One again the UN has proved its uselessness.

The part of the UN resolution that I quoted had 2 key metrics for when the UNSC would act: when the controlling government can’t control the violence, and when diplomacy has been shown to have failed. It also mentions that each situation has to be handled individually, so you said the question was when putting down an insurrection becomes genocide, but equally important a question is when we know that diplomacy has failed. Currently, the Russians are saying there are still diplomatic options.

No Arab country is going to invade another Arab country without incurring the wrath of the rest of the Arab world. The Arab League is even more worthless than the UN in this situation.

We have a UN to serve the purposes of imperialism and other vested interests of the five permanent members, and to give all of that a veneer of credibility for the hard of thinking - especially but not only in the area of 'international ‘law’ which, of course, isn’t law at all. Unless it suits the five permanent members.

It’s just not USAs imperialism or vested interests that’s served on this occasion.

Gotcha. Thanks.

There are states between “viable democracy” and “despotism”, you know.

I think the UN rejection by China and Russia is a formality and a gut check on how other nations feel about it.

Ideally, NATO unanimously agree that we should intervene a la Libya and the Arab league signs on.

I think the N should issue an “extremely strong” condemnation…that will deter Assad.

You condemn once, so we can say he’s a tyrant. If you keep after it, it looks like a bunch of fancy diplomat tricks. It’s the difference between paper law and international law. Even the Chinese are vetoing it!

It seems to me that genocide usually starts out as “violent suppression of dissidents.”

Sure, but there are always shades of gray. Did anyone expect the UN to take action to halt the siege of the Branch Davidian compound?

Or Putin’s systematic levelling of a major city like Grozny.

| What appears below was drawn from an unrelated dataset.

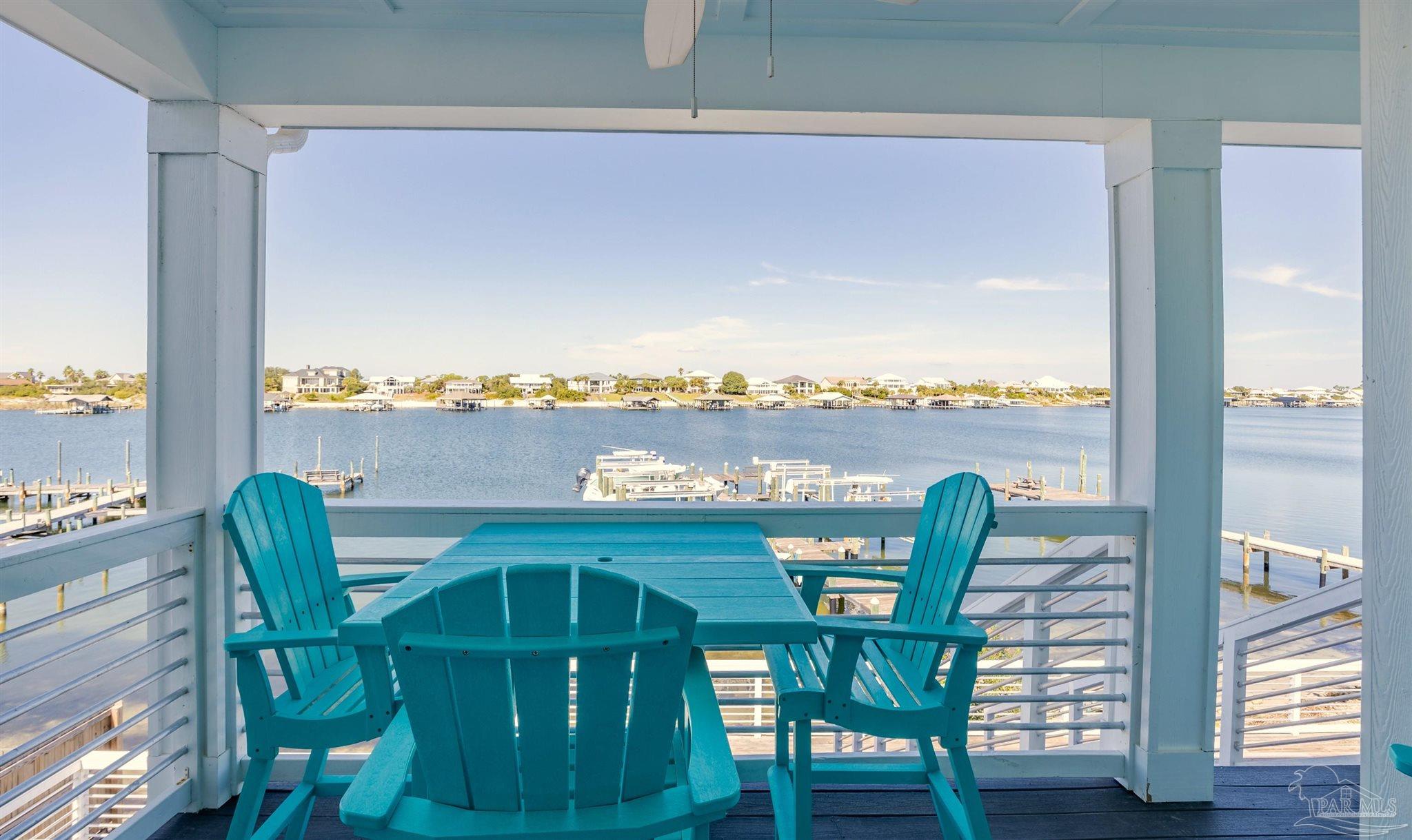 17290 Perdido Key Drive, Unit B2 Pensacola, FL 32507 - Photo 32 of 54 a view of a dining room with furniture window and wooden floor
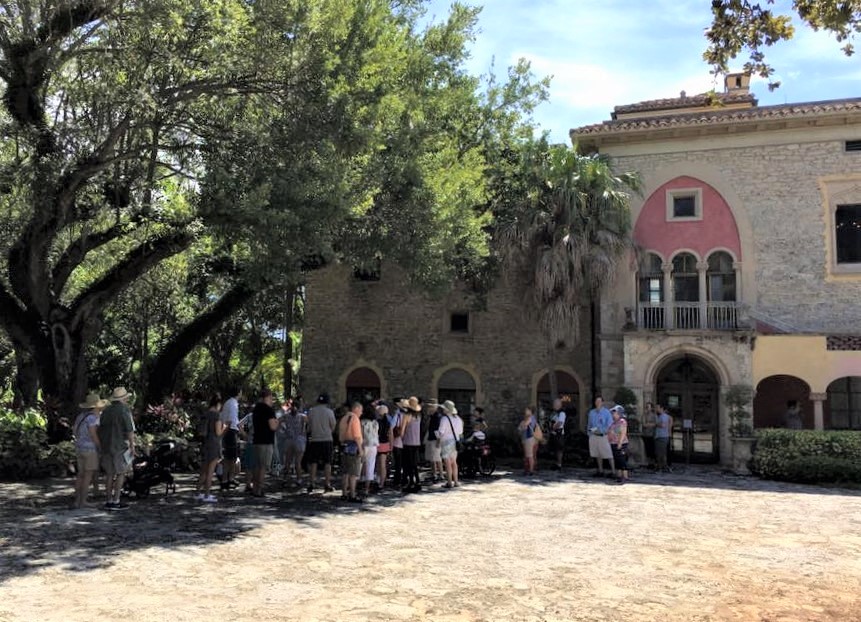 Small group gathered at the Stone House courtyard, examining the Spanish architecture of the Stone House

Depends on your definition of “genocide”, I’d expect. If you simply use it to mean “lots and lots of dead civilians”, then yes, if only because the violent suppression of dissidents tends to be a self-sustaining proposition.
But if you use the more restrictive definition of “killing people based on their ethnicity/culture/religion/social caste”, then rebelliousness has little to do with anything.

The UN is effectively carrying out its duties as designed. Instead of caving to a pro-Western ideology, it was forced to consider the vetoes of 2 of its permanent members.

Just because it doesn’t come out in your favor doesn’t make it ineffective

Well, you gotta create SOME sort of excuse to get the ball rolling.

Misspelling UN, that takes some special skill! :smiley:

There’s a very strong correlation between Americans (and Brits) complaining that the UN is irrelevant/outdated/useless, and the UN getting in the way of what America Britain wants to do.

Part of the whole point of the UN is to keep countries or groups of countries from going on the warpath without wider approval.

I’d say in this case the UN is working fine.

But Russian and China can not veto the UN general assembly, only the Security Council.

Only the Security Council can authorize peacekeeping missions or military action (unless the SC is not actively considering a matter, in which case the General Assembly can authorize peacekeeping efforts.)

Art. 12, §2 of the UN Charter:

[QUOTE=Really Not All That Bright]
Only the Security Council can authorize peacekeeping missions or military action (unless the SC is not actively considering a matter, in which case the General Assembly can authorize peacekeeping efforts.)
[/QUOTE]

Yep. The US and the Obama administration is trying to do an end around, but that will delay any kind of humanitarian relief while we wait for everyone interested to get their shit together. From what I was reading earlier, we’d basically just be helping out the current Arab peace/humanitarian/probe efforts going on, since there isn’t anyway (without the use of force) for us TOO provide relief in the areas that need it. :frowning:

[QUOTE=Diceman]
so the United Nations failed to pass a resolution condeming the violence in Syria. Apparently, China and Russia are having fun watching the show. Or something. I wish I could say I’m surprised, but I’m not. Could someone please remind me why we have a UN, when it’s so dysfunctional that they can’t even agree that mass murder is a bad thing?
[/QUOTE]

The trouble is that there is no consensus on what the ‘best’ course IS, over there. The Russians and Chinese don’t agree that regime change is the best course (and, leaving their own interests aside, recent events haven’t exactly been glowing for regime change as a fix all for problems), so they are balking at passing the resolution. Since they either have to agree or refrain from voting, it ties up the UNSC and effectively prevents any action with the stamp of UN approval on it.